Define the model parts inside `topology.yml`:

```yaml
wsl2_on_windows:
host: 192.168.1.2:10128
description: NVIDIA RTX 4090 24GB
layers:
- unet

macbook:
host: 192.168.1.3:10128
description: Macbook M2
layers:
- clip
- vae
```

Run a worker node:

```sh
cake-cli --model /path/to/hf/cache \ # The cache dir for huggingface models
--mode worker \ # run as worker
--name wsl2_on_windows \ # worker name in topology file
--model-type image-model \ # use image-model for SD, text-model or skip for LLM
--topology topology.yml \ # topology
--address 0.0.0.0:10128 # bind address
```

The model could be switched between SD1.5, SD2.1, SDXL and SDXL Turbo by specifying [more command line arguments](./cake-core/src/lib.rs).

The model files will be downloaded from Huggingface automatically if not found in the local cache directory.

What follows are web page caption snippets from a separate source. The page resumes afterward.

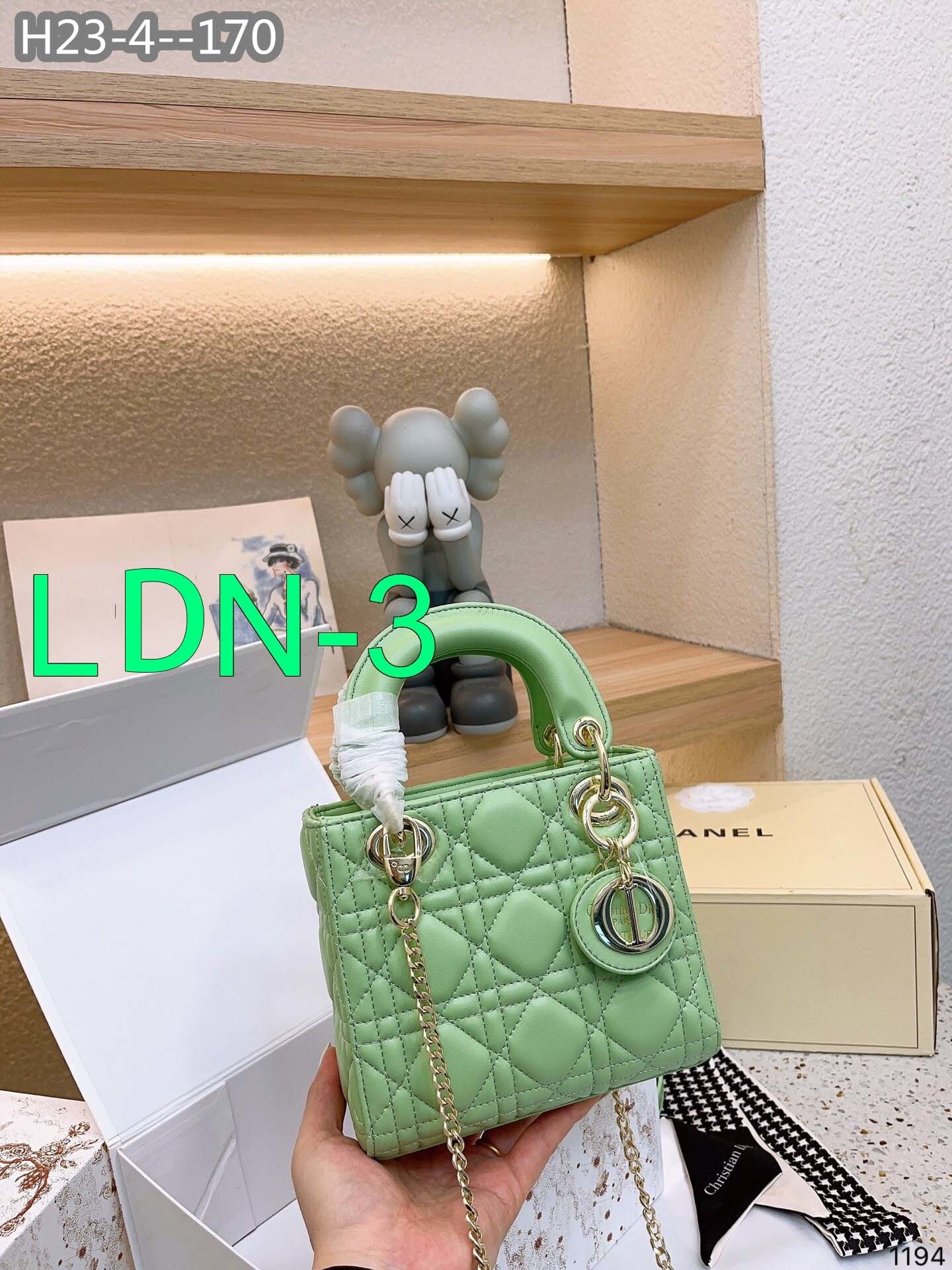 $66-LDN-777 Dr gallery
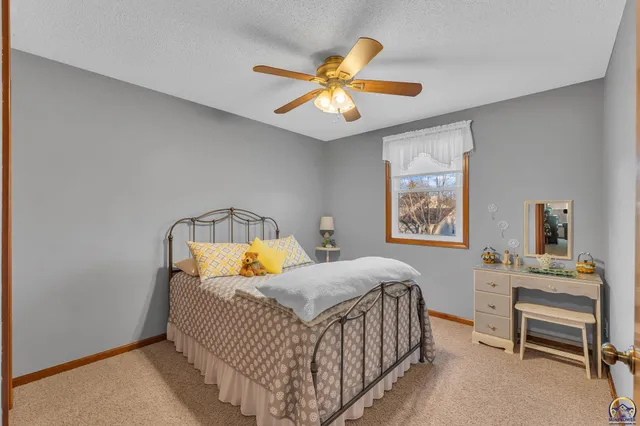 $299,900 | 3509 Southwest Westport Drive, Topeka, KS 66614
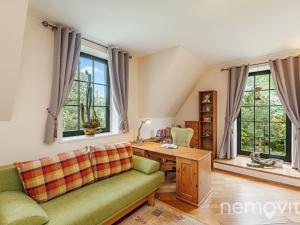 Prodej rodinného domu, Líšnice, 420 m2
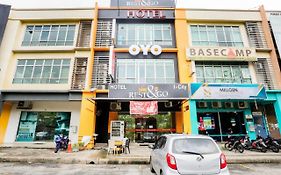 Oyo 90460 Hotel Kl2F Rest & Go Shah Alam Exterior photo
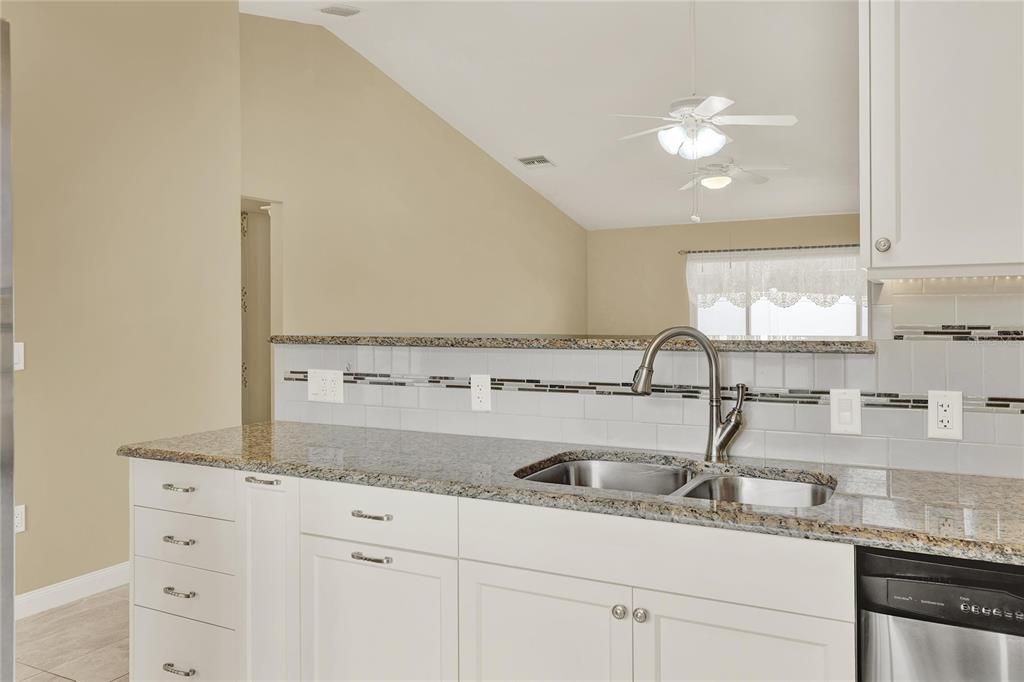 Active With Contract: $279,999 (2 beds, 2 baths, 1296 Square Feet)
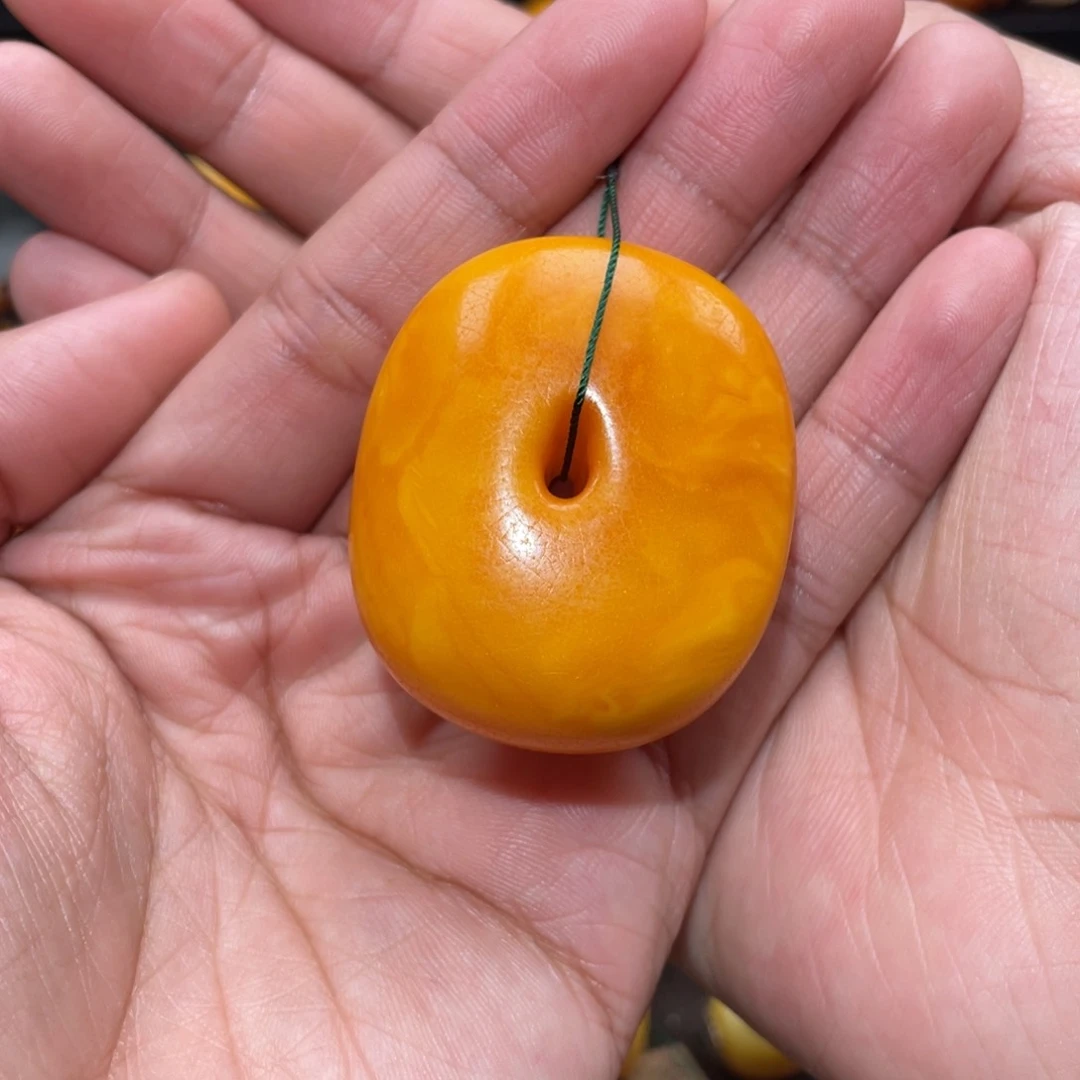 【闪购商品】琥珀裸石未镶嵌饼子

Run a master node with REST API:

```sh
cake-cli --model /path/to/hf/cache \ # The cache dir for huggingface models
--api 0.0.0.0:8080 \ # API bind address
--model-type image-model \ # use image-model for SD, text-model or skip for LLM
--topology topology.yml # topology file
```

Generate images using the cluster:

```sh
curl http://master-ip:8080/api/v1/image \ ~
-H "Content-Type: application/json" \
-d '{
"image_args": {
"sd-image-prompt": "An old man sitting on the chair at seaside",
"sd-num-samples": 1,
"sd-image-seed": 2439383
}
}'
```

More control arguments could be found [inside the codes](./cake-core/src/lib.rs).

## License

Released under the GPL 3 license. To see the licenses of the project dependencies, install cargo license with `cargo install cargo-license` and then run `cargo license`.